'The difference in mortality is striking': Sask. doctor warns of COVID-19 risk in people with diabetes

A Saskatoon doctor is urging people with diabetes to get vaccinated for COVID-19.

Mike Prystajecky, a general internist at City Hospital, said the stats are shocking when it comes to COVID-19 and diabetes.

“In the general public, about three per cent of people who acquire COVID-19 will need to be admitted to hospital. If you’re diabetic, that’s about 17 per cent, so it’s a six-fold increase,” Dr. Prystajecky said.

“It is a bit of a surprise. The difference in mortality is striking.”

According to the Saskatchewan Health Authority, people with diabetes who catch COVID-19 are 5.3 times more likely to be hospitalized, 7.5 times more likely to end up in the ICU and 6.9 times more likely to die.

People with COVID-19 and diabetes tend to be older as well, according to the health authority.

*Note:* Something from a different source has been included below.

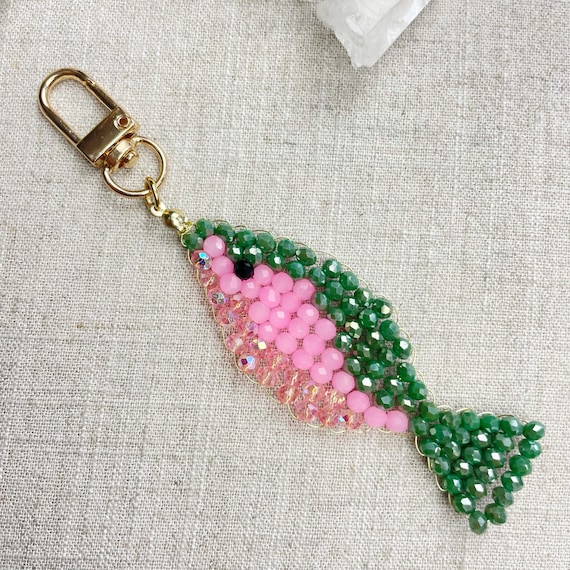 Splashie// Blossom Glass Beaded Fish Charm Keychain (EPJ-KCA11-BM)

The average age of people who contract COVID-19 with diabetes is 57, compared to 31 without diabetes.

Prystajecky said other risk factors tend to accompany diabetes, including the higher age, obesity and cardiovascular disease.

“But even in studies where they controlled for those other risk factors, we see that diabetics are at an increased risk of dying and that likely relates to altered immune function,” he said.

He encouraged people with diabetes to be extra cautious, saying “prevention is the best medicine,” especially with the Delta variant.

“The tighter your control is the more likely you are to have a favourable outcome.”

A PARAMEDIC’S EXPERIENCE

Dennis Opekokew is a paramedic for the Athabasca Health Authority. He has diabetes and hypertension, also known as high blood pressure, and has been taking extra precaution throughout the pandemic.

Opekokew said while it’s been stressful, he can control his condition with medication, unlike people with uncontrolled diabetes or hypertension.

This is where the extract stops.